My name is Luis Diego Gene Antillon and I am from a small suburb town called Santa Ana, about 20 minutes west from the Costa Rican capital of San Jose.

I am currently a graduate student in the Master of Bioengineering program, specifically in the Global Medical Innovation (GMI) track. Initially I pursued an undergraduate degree in electrical engineering at the University of Costa Rica but after realizing I had a strong passion for medical devices and healthcare, I transferred to the medical technology engineering program at Universidad Latina de Costa Rica where I graduated from last year.
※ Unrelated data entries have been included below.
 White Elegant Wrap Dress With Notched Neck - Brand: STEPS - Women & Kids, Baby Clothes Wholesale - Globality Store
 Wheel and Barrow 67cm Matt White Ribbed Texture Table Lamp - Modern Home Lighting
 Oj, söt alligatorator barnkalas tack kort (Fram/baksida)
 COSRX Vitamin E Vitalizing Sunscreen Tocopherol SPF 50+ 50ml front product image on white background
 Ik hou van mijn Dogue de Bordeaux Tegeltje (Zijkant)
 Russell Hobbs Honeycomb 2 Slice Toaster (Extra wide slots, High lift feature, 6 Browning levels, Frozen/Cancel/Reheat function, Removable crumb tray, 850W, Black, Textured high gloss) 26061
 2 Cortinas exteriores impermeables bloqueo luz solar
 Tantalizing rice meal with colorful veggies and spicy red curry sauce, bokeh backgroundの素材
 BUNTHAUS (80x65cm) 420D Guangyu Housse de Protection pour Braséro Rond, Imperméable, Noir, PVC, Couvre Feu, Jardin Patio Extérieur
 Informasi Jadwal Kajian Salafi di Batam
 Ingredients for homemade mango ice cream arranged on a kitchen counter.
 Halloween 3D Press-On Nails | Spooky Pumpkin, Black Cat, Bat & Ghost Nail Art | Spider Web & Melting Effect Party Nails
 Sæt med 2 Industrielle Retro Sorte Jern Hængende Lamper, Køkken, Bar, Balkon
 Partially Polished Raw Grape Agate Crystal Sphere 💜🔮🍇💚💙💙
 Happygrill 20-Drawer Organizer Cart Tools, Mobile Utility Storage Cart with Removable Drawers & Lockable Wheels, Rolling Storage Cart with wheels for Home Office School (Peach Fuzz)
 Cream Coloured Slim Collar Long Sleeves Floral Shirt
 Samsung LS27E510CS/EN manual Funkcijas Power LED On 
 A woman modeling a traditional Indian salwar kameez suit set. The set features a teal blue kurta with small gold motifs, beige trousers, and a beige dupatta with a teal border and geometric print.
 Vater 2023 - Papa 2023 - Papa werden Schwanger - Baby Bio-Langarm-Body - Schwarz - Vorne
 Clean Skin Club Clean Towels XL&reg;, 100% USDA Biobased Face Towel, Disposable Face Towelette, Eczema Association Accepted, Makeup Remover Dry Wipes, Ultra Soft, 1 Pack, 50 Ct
During my senior year in high school I was invited to Rice University for a prospective visit and since that 3-day experience I had back then, I have always wanted to come back. For many reasons I could not consider studying abroad for my undergraduate degree, but last summer something unexpected happened: I attended a presentation sponsored by the Costa Rican Investment and Development Initiative (CINDE) on medical technology programs where Dr. Richardson (BIOE-GMI) was one of the presenters. At first, I had no idea Rice University was involved -In fact, I was just attending because my boss asked me to go in his place! When I heard about the GMI program I fell in love with it; I attended a short course about GMI and applied for the program as soon as I finished my undergraduate degree. Fast forward a few months and here I am.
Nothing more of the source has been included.